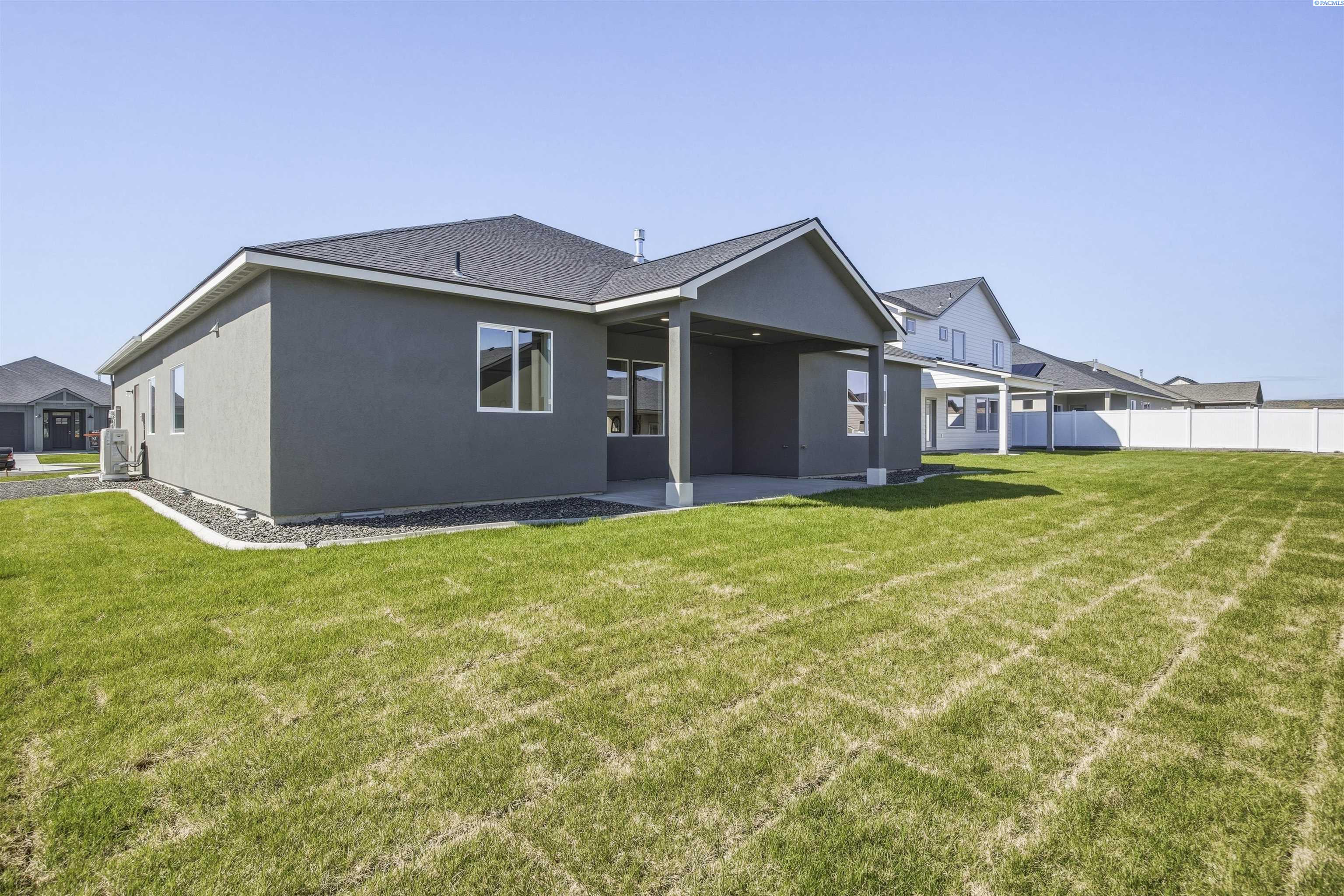 3574 Morningside Pw, Richland, WA 99352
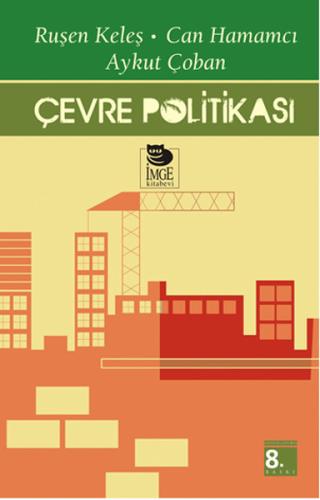 Çevre Politikası %10 indirimli Ruşen Keleş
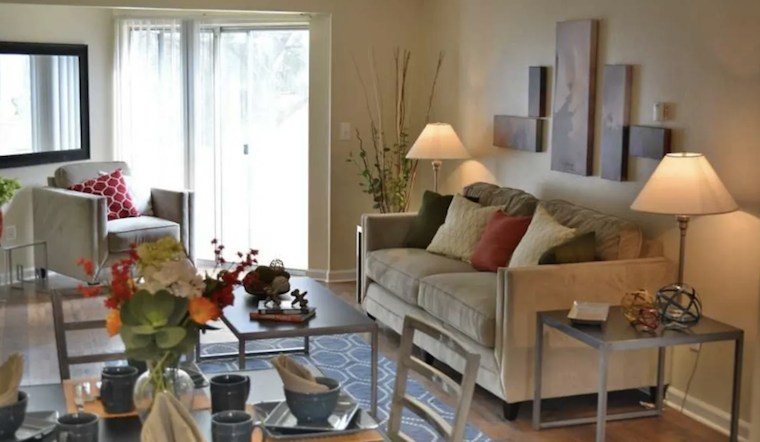 The cheapest apartment rentals in Southwest Colorado Springs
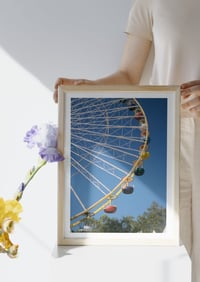 Image 3 of La roue des couleurs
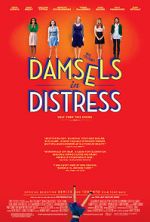 Watch Damsels in Distress Online Megashare8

# # # #

Leave out the pictures, then copy all the remaining text in the records exactly.

 3574 Morningside Pw, Richland, WA 99352
 Çevre Politikası %10 indirimli Ruşen Keleş
 The cheapest apartment rentals in Southwest Colorado Springs
 Image 3 of La roue des couleurs
 Watch Damsels in Distress Online Megashare8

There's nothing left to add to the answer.